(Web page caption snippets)
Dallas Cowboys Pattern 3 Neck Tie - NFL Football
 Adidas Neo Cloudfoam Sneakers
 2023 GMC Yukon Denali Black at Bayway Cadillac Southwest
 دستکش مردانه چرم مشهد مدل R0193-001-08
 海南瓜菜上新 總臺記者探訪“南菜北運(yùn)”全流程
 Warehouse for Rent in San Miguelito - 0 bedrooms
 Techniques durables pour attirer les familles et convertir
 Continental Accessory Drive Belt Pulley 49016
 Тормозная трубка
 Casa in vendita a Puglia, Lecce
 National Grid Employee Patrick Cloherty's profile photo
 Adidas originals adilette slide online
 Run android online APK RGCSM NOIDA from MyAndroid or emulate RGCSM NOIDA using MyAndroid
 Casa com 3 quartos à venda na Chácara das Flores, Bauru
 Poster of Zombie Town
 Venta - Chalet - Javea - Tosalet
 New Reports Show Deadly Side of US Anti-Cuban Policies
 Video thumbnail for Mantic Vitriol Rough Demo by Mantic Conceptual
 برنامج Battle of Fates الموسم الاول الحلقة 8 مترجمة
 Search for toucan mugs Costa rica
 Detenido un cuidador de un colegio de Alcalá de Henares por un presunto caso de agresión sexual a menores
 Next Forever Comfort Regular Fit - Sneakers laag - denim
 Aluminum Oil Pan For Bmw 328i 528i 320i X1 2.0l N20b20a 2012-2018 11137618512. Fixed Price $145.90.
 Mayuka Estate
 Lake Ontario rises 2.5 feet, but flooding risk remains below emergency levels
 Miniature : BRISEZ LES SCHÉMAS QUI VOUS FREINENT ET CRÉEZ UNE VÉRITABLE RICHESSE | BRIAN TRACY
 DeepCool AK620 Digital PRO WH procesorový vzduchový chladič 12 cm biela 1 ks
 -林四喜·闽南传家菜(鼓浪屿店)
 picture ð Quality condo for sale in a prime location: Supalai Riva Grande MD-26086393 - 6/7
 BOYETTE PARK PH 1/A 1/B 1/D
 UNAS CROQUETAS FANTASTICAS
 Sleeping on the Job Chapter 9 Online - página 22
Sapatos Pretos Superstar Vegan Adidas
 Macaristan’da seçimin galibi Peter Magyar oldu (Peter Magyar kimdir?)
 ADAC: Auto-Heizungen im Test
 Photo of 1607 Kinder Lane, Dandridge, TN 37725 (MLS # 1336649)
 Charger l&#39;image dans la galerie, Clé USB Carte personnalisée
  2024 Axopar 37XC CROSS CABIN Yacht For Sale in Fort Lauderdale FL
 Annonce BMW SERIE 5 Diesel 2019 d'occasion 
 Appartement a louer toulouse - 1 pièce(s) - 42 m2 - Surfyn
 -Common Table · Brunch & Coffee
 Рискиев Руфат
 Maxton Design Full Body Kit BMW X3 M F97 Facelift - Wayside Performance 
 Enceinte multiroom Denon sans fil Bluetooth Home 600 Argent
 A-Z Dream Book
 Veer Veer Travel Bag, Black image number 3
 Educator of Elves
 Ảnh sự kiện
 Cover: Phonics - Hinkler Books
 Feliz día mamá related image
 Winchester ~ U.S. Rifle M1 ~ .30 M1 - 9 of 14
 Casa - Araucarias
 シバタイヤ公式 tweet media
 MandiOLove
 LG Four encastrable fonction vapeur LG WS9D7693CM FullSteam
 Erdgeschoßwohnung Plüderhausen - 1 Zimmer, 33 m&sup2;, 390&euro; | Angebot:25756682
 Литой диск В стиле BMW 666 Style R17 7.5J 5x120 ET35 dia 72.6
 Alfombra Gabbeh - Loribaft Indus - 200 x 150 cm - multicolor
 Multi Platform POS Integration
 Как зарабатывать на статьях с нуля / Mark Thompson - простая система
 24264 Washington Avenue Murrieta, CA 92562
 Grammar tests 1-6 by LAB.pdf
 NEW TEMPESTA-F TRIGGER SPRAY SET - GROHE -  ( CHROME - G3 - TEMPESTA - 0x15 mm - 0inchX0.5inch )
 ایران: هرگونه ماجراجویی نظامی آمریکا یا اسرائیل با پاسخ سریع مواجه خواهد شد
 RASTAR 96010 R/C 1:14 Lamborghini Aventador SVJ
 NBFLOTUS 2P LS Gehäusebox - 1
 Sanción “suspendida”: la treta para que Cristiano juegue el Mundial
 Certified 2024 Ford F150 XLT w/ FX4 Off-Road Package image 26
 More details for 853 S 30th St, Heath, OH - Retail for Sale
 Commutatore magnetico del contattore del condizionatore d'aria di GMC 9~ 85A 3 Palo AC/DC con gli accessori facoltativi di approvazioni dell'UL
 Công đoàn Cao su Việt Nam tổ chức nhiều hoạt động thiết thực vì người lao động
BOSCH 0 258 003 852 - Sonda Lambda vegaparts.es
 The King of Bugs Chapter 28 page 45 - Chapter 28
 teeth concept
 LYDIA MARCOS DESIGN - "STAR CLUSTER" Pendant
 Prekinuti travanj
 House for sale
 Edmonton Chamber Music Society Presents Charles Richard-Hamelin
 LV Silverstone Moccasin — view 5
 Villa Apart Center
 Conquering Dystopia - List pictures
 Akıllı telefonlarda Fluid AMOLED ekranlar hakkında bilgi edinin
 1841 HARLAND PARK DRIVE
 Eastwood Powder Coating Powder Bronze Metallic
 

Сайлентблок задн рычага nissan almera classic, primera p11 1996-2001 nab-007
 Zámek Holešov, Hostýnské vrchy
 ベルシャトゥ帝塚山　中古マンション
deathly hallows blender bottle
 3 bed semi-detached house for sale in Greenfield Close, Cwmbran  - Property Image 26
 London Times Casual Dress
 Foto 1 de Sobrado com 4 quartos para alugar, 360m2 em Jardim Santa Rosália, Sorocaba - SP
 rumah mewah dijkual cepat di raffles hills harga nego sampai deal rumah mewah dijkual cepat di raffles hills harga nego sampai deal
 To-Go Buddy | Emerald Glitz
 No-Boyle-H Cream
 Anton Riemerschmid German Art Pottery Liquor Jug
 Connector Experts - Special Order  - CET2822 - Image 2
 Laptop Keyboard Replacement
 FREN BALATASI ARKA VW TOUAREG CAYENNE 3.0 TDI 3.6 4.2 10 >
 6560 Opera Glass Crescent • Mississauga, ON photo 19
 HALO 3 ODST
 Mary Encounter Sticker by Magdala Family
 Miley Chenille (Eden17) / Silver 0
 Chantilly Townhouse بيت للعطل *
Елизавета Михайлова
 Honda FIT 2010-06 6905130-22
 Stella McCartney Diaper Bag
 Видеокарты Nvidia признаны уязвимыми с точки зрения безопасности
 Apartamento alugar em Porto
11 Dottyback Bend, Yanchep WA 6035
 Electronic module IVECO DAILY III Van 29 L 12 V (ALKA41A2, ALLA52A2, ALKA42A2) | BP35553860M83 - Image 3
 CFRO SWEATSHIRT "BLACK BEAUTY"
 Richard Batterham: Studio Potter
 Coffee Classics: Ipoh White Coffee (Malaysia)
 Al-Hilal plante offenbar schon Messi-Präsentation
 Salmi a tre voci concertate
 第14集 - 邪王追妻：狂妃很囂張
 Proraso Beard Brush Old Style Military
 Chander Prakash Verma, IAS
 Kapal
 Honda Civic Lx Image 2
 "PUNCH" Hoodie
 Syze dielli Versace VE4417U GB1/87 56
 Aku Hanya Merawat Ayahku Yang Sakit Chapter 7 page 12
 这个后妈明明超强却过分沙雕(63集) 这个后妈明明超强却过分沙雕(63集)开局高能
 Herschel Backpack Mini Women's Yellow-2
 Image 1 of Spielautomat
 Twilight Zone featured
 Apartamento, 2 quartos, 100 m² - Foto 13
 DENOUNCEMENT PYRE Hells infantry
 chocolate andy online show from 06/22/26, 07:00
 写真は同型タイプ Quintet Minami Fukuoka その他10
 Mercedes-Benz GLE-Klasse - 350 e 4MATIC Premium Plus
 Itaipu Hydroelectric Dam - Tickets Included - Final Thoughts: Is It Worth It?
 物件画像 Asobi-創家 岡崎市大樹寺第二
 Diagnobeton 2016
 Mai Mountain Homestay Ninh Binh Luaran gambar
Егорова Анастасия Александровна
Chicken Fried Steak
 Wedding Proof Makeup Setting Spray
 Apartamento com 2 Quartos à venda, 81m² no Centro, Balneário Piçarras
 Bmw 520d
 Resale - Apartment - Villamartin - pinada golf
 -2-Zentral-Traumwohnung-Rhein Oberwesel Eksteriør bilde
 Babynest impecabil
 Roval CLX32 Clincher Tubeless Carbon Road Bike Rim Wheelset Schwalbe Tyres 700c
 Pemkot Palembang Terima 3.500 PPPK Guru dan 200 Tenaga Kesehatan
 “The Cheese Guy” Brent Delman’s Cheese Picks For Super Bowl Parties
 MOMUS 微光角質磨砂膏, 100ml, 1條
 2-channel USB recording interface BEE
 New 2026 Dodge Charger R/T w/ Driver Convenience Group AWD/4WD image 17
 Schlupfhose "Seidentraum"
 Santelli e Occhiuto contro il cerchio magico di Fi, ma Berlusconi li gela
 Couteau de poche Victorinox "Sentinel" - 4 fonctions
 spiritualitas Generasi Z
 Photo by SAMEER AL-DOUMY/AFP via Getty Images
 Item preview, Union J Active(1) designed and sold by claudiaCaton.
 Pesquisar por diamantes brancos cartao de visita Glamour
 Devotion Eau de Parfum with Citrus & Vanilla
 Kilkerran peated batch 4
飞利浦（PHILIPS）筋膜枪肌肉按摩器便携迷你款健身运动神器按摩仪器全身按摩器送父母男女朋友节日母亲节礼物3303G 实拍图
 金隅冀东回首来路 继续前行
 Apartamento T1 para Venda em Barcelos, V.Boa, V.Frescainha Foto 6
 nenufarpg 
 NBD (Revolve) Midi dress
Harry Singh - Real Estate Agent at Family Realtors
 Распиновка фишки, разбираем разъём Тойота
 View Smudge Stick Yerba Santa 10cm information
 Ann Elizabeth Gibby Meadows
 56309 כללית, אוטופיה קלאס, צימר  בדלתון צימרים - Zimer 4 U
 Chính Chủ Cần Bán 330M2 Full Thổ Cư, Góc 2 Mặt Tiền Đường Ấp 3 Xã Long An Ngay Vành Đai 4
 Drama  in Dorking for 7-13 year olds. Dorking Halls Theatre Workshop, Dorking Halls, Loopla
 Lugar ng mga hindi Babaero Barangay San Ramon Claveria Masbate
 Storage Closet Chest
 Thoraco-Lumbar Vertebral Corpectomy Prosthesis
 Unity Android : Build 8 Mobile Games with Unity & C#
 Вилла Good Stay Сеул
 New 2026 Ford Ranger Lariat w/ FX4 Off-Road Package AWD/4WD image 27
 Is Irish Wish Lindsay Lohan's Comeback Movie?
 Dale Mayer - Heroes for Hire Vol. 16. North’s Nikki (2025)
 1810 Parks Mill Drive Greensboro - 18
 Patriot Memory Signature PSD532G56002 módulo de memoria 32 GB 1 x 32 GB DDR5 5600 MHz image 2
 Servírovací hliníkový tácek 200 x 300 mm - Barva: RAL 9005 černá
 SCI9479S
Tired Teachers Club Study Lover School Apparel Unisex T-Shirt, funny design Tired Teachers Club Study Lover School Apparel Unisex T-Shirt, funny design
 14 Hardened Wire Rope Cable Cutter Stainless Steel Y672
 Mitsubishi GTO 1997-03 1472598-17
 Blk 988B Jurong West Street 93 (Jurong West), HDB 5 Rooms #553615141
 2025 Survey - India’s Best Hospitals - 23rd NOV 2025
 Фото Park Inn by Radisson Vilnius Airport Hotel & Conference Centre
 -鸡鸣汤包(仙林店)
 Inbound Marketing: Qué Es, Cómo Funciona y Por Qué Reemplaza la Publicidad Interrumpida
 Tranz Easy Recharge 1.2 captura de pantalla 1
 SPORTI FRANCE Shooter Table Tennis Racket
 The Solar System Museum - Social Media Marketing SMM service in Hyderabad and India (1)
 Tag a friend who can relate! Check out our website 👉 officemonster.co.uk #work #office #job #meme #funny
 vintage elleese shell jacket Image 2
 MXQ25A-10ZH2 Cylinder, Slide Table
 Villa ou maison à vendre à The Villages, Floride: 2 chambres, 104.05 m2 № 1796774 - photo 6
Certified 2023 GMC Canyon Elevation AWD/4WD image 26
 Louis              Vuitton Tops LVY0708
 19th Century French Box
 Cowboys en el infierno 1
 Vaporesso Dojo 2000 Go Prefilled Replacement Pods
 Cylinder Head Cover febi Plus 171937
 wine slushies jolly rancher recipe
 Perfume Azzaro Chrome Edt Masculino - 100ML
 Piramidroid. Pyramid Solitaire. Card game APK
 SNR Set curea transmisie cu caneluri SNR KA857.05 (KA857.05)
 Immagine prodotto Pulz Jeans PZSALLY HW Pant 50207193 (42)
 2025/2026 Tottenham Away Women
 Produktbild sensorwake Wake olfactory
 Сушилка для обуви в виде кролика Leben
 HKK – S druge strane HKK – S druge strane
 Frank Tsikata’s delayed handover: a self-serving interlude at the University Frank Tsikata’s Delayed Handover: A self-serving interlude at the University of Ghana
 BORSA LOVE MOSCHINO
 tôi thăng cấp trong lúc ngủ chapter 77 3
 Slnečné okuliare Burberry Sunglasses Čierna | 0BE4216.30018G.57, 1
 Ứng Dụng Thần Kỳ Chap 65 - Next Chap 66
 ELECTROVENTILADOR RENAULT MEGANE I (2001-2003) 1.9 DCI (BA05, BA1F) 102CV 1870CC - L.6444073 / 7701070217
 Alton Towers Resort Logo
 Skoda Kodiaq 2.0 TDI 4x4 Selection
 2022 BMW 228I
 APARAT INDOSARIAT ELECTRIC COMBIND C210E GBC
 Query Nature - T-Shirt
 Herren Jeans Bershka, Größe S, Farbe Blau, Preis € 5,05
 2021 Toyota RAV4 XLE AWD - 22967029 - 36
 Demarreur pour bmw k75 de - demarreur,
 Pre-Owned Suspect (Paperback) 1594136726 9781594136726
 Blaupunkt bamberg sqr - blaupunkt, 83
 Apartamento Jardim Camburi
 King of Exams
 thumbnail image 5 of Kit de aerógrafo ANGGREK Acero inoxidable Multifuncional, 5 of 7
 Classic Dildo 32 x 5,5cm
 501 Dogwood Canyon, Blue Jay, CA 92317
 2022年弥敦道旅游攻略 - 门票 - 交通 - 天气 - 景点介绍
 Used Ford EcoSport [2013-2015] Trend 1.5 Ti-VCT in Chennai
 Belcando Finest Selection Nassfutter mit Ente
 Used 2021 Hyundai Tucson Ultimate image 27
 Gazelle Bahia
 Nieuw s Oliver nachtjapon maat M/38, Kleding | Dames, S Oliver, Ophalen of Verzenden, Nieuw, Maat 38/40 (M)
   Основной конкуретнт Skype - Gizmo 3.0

» **What needs to be done**
The answer should consist of the lines from the one with "Blaupunkt bamberg sqr - blaupunkt, 83" through the last line of the entries, duplicated exactly and nothing more.

» **Output for this task**
 Blaupunkt bamberg sqr - blaupunkt, 83
 Apartamento Jardim Camburi
 King of Exams
 thumbnail image 5 of Kit de aerógrafo ANGGREK Acero inoxidable Multifuncional, 5 of 7
 Classic Dildo 32 x 5,5cm
 501 Dogwood Canyon, Blue Jay, CA 92317
 2022年弥敦道旅游攻略 - 门票 - 交通 - 天气 - 景点介绍
 Used Ford EcoSport [2013-2015] Trend 1.5 Ti-VCT in Chennai
 Belcando Finest Selection Nassfutter mit Ente
 Used 2021 Hyundai Tucson Ultimate image 27
 Gazelle Bahia
 Nieuw s Oliver nachtjapon maat M/38, Kleding | Dames, S Oliver, Ophalen of Verzenden, Nieuw, Maat 38/40 (M)
   Основной конкуретнт Skype - Gizmo 3.0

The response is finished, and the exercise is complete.